> **Brief descriptive captions**:
-- Opening Marker --

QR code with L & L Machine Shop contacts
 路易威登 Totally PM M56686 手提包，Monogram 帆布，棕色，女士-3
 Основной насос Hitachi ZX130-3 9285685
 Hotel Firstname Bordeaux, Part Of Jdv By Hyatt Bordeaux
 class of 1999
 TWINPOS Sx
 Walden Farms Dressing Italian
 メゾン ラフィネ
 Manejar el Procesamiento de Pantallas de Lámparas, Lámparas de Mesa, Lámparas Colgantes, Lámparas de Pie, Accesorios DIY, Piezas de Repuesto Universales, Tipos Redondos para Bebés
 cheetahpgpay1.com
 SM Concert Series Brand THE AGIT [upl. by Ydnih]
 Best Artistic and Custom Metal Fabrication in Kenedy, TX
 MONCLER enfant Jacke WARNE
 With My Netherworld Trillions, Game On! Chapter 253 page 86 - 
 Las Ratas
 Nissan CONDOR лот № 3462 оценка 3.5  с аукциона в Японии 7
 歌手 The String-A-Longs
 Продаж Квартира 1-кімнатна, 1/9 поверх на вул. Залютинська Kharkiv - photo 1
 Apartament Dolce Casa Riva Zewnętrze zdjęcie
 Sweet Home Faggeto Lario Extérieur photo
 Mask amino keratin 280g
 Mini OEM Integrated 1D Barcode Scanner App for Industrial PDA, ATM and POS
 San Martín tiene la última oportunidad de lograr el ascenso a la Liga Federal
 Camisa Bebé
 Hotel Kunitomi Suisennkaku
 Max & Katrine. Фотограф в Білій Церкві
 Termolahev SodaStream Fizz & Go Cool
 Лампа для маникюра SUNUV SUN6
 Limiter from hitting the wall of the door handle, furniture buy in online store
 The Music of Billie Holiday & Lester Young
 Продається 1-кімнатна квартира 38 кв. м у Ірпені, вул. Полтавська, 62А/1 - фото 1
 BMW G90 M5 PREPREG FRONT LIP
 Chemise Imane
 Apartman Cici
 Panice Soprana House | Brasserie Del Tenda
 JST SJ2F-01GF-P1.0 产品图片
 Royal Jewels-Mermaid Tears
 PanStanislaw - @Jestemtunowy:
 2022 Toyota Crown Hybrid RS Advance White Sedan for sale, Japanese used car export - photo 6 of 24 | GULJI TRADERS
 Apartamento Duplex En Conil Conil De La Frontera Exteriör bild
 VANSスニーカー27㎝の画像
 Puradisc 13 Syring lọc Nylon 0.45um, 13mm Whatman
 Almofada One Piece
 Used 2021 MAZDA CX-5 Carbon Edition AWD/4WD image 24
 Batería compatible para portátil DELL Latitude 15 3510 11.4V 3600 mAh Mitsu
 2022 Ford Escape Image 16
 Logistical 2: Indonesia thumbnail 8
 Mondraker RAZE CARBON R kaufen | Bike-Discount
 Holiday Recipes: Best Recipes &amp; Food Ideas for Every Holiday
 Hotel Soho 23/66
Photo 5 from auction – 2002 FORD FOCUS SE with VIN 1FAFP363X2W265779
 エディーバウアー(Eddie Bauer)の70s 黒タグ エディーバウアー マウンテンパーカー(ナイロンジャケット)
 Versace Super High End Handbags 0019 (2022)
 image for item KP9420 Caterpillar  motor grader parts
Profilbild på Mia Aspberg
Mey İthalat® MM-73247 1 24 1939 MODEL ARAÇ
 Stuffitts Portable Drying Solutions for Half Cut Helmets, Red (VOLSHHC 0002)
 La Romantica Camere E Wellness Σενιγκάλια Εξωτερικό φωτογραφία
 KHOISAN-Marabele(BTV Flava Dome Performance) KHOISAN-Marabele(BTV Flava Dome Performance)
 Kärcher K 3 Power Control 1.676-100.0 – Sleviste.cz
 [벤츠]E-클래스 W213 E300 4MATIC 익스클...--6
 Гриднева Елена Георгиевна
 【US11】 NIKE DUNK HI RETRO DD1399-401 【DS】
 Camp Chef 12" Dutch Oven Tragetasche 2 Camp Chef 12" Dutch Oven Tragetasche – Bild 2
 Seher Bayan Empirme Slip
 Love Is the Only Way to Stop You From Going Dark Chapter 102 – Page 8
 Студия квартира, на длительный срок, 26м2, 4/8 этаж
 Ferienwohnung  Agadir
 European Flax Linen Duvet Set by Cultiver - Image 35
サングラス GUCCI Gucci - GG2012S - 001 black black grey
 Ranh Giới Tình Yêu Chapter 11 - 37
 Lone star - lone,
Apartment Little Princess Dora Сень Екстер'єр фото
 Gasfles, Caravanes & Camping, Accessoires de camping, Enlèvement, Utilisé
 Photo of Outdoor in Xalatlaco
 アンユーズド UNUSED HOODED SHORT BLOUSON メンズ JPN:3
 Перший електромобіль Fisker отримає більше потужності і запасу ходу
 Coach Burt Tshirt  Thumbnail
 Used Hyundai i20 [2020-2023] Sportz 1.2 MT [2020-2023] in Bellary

-- Closing Marker --

> **Task requirements**:
The answer should contain every line of the data, unchanged.

> **Written answer**:
QR code with L & L Machine Shop contacts
 路易威登 Totally PM M56686 手提包，Monogram 帆布，棕色，女士-3
 Основной насос Hitachi ZX130-3 9285685
 Hotel Firstname Bordeaux, Part Of Jdv By Hyatt Bordeaux
 class of 1999
 TWINPOS Sx
 Walden Farms Dressing Italian
 メゾン ラフィネ
 Manejar el Procesamiento de Pantallas de Lámparas, Lámparas de Mesa, Lámparas Colgantes, Lámparas de Pie, Accesorios DIY, Piezas de Repuesto Universales, Tipos Redondos para Bebés
 cheetahpgpay1.com
 SM Concert Series Brand THE AGIT [upl. by Ydnih]
 Best Artistic and Custom Metal Fabrication in Kenedy, TX
 MONCLER enfant Jacke WARNE
 With My Netherworld Trillions, Game On! Chapter 253 page 86 - 
 Las Ratas
 Nissan CONDOR лот № 3462 оценка 3.5  с аукциона в Японии 7
 歌手 The String-A-Longs
 Продаж Квартира 1-кімнатна, 1/9 поверх на вул. Залютинська Kharkiv - photo 1
 Apartament Dolce Casa Riva Zewnętrze zdjęcie
 Sweet Home Faggeto Lario Extérieur photo
 Mask amino keratin 280g
 Mini OEM Integrated 1D Barcode Scanner App for Industrial PDA, ATM and POS
 San Martín tiene la última oportunidad de lograr el ascenso a la Liga Federal
 Camisa Bebé
 Hotel Kunitomi Suisennkaku
 Max & Katrine. Фотограф в Білій Церкві
 Termolahev SodaStream Fizz & Go Cool
 Лампа для маникюра SUNUV SUN6
 Limiter from hitting the wall of the door handle, furniture buy in online store
 The Music of Billie Holiday & Lester Young
 Продається 1-кімнатна квартира 38 кв. м у Ірпені, вул. Полтавська, 62А/1 - фото 1
 BMW G90 M5 PREPREG FRONT LIP
 Chemise Imane
 Apartman Cici
 Panice Soprana House | Brasserie Del Tenda
 JST SJ2F-01GF-P1.0 产品图片
 Royal Jewels-Mermaid Tears
 PanStanislaw - @Jestemtunowy:
 2022 Toyota Crown Hybrid RS Advance White Sedan for sale, Japanese used car export - photo 6 of 24 | GULJI TRADERS
 Apartamento Duplex En Conil Conil De La Frontera Exteriör bild
 VANSスニーカー27㎝の画像
 Puradisc 13 Syring lọc Nylon 0.45um, 13mm Whatman
 Almofada One Piece
 Used 2021 MAZDA CX-5 Carbon Edition AWD/4WD image 24
 Batería compatible para portátil DELL Latitude 15 3510 11.4V 3600 mAh Mitsu
 2022 Ford Escape Image 16
 Logistical 2: Indonesia thumbnail 8
 Mondraker RAZE CARBON R kaufen | Bike-Discount
 Holiday Recipes: Best Recipes &amp; Food Ideas for Every Holiday
 Hotel Soho 23/66
Photo 5 from auction – 2002 FORD FOCUS SE with VIN 1FAFP363X2W265779
 エディーバウアー(Eddie Bauer)の70s 黒タグ エディーバウアー マウンテンパーカー(ナイロンジャケット)
 Versace Super High End Handbags 0019 (2022)
 image for item KP9420 Caterpillar  motor grader parts
Profilbild på Mia Aspberg
Mey İthalat® MM-73247 1 24 1939 MODEL ARAÇ
 Stuffitts Portable Drying Solutions for Half Cut Helmets, Red (VOLSHHC 0002)
 La Romantica Camere E Wellness Σενιγκάλια Εξωτερικό φωτογραφία
 KHOISAN-Marabele(BTV Flava Dome Performance) KHOISAN-Marabele(BTV Flava Dome Performance)
 Kärcher K 3 Power Control 1.676-100.0 – Sleviste.cz
 [벤츠]E-클래스 W213 E300 4MATIC 익스클...--6
 Гриднева Елена Георгиевна
 【US11】 NIKE DUNK HI RETRO DD1399-401 【DS】
 Camp Chef 12" Dutch Oven Tragetasche 2 Camp Chef 12" Dutch Oven Tragetasche – Bild 2
 Seher Bayan Empirme Slip
 Love Is the Only Way to Stop You From Going Dark Chapter 102 – Page 8
 Студия квартира, на длительный срок, 26м2, 4/8 этаж
 Ferienwohnung  Agadir
 European Flax Linen Duvet Set by Cultiver - Image 35
サングラス GUCCI Gucci - GG2012S - 001 black black grey
 Ranh Giới Tình Yêu Chapter 11 - 37
 Lone star - lone,
Apartment Little Princess Dora Сень Екстер'єр фото
 Gasfles, Caravanes & Camping, Accessoires de camping, Enlèvement, Utilisé
 Photo of Outdoor in Xalatlaco
 アンユーズド UNUSED HOODED SHORT BLOUSON メンズ JPN:3
 Перший електромобіль Fisker отримає більше потужності і запасу ходу
 Coach Burt Tshirt  Thumbnail
 Used Hyundai i20 [2020-2023] Sportz 1.2 MT [2020-2023] in Bellary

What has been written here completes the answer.